I have an AOL account, and AOL is, remember the company that bought Time magazine and its parent company, lock, stock, and barrel, a few years ago. And my AOL account is not just any AOL account, but a super-VIP AOL account that comes with unlimited use of everything and with no charges, ever.

So I fire up AOL and paste in the URL. They still want $2.50 from me. If I subscribed to Time for $29.95 a year, I’d have access. But since I subscribe to AOL, for what would ordinarily be not much less than that per month, they still want more.

Now, of course, AOL and its media properties are free to charge anything they’d like for their information, and they’re under no obligation to give freebies to AOL subscribers. They are, however, obligated to attempt to make as much money as possible for their shareholders.

And they’re doing this how? By reducing the value of their $24/month product in order to increase the value of their $29/year product.

Posted by tino at 17:07 18.10.03
Friday 17 October 2003

You Pay Now!

I’m lazy, so for now I’m going to just continue posting pictures of strange things I’ve seen.

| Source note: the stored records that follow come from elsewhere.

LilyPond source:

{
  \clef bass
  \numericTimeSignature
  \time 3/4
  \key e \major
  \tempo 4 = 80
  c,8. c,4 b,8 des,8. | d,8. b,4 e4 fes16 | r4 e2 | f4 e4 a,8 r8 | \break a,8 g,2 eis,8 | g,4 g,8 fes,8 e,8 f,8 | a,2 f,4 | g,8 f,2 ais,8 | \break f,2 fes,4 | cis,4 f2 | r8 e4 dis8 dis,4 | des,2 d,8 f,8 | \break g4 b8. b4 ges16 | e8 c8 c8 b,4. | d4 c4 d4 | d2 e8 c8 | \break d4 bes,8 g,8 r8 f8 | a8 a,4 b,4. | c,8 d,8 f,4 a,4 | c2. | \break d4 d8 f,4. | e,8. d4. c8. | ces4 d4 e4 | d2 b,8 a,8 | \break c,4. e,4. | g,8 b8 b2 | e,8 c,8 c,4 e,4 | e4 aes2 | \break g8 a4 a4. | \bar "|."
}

This is a poster I saw today in the Warren County Government Center, a converted IGA supermarket in the middle of Front Royal. It advertises some kind of Virignia tax amnesty program.

Pay Now

I’m sure they think this is light-hearted. I suppose it never crossed their mind that “Pay now or pay more later” is possibly not the least-antagonistic thing you could say to taxpayers — especially since I’ll bet nearly everyone looks at this, and, as I did, thinks to themselves that this is a bit different from the normal tax routine of “Pay now, and pay more later”.

Posted by tino at 18:43 17.10.03
Thursday 16 October 2003

Choctoberfest

A poster seen in the window at Baskin-Robbins the other day:

Choctoberfest

Posted by tino at 15:41 16.10.03
Tuesday 14 October 2003

School Performance, Poverty, and ‘Diversity’

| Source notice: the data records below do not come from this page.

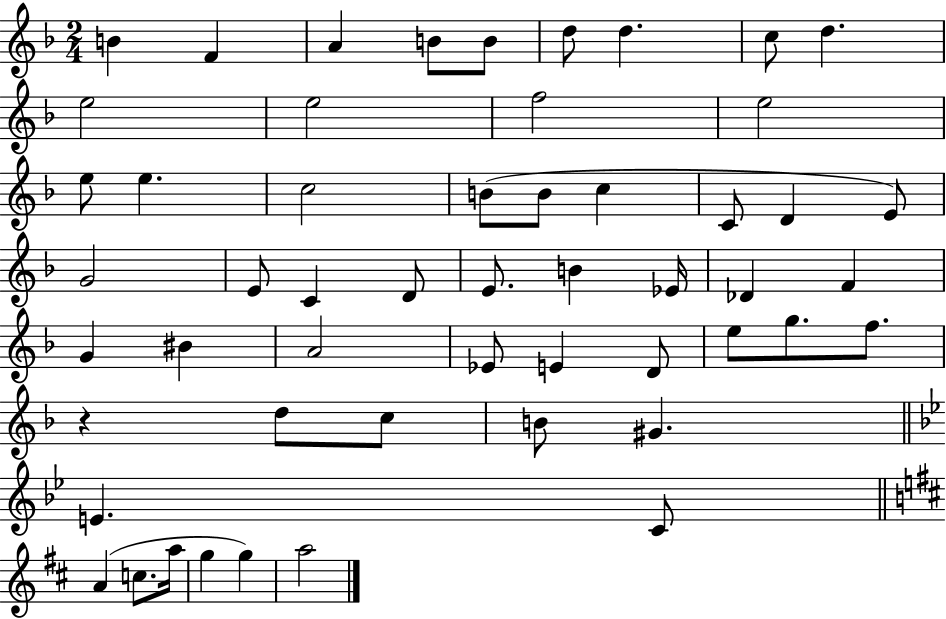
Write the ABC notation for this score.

X:1
T:Untitled
M:2/4
L:1/4
K:F
B F A B/2 B/2 d/2 d c/2 d e2 e2 f2 e2 e/2 e c2 B/2 B/2 c C/2 D E/2 G2 E/2 C D/2 E/2 B _E/4 _D F G ^B A2 _E/2 E D/2 e/2 g/2 f/2 z d/2 c/2 B/2 ^G E C/2 A c/2 a/4 g g a2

There’s a story in today’s Washington Post about the Montgomery County school system.

Montgomery County, Maryland, is a relatively wealthy jurisdiction just north of Washington, DC. It’s also quite ‘diverse’. ‘Diverse’ here is a code word for ‘non-white’. If your county is entirely black, it’s ‘diverse’. If it’s entirely white, it is, obviously, not.

As it happens, Montgomery County is actually diverse, when you’re talking about skin color, in a sane sense as well; which is to say that many different color of skin are represented there.

Montgomery County’s public school system is a good one, taken as a whole. But.

One-half of its schools, in a vast ring of communities from Chevy Chase up to Damascus and down through Olney, represent the historical image of Montgomery County’s student population: mostly white and relatively affluent.

The other half, a swath of communities from Takoma Park in the southeast up to Gaithersburg in the county center, educate the vast majority of Montgomery’s poor and immigrant children. “It is a racially, economically and language-identifiable geographic area,” [Montgomery County schools superintendent Jerry D.] Weast said, similar in size and makeup to some of the nation’s larger urban school districts. “If it was a stand-alone system, it would be called a failing system.”

This despite being part of a school system which demonstrably does not waste much of its money on bureaucracy and aggrandizement of its own honchos; the system has no trouble educating half of its students. The Montgomery County schools have even taken special steps to help students in the ‘red zone’:

Weast called attention to the dichotomy when he became the Montgomery superintendent in 1999. He named the affluent area the “green zone” and the more diverse area the “red zone,” and since then he and the school board have focused $20 million in extra resources on the latter — most notably, to reduce class sizes and introduce all-day kindergarten

It hasn’t worked, of course. Even within a good school system, and even with more resources being focused on the ‘red’ schools, the children of the poor still lag behind.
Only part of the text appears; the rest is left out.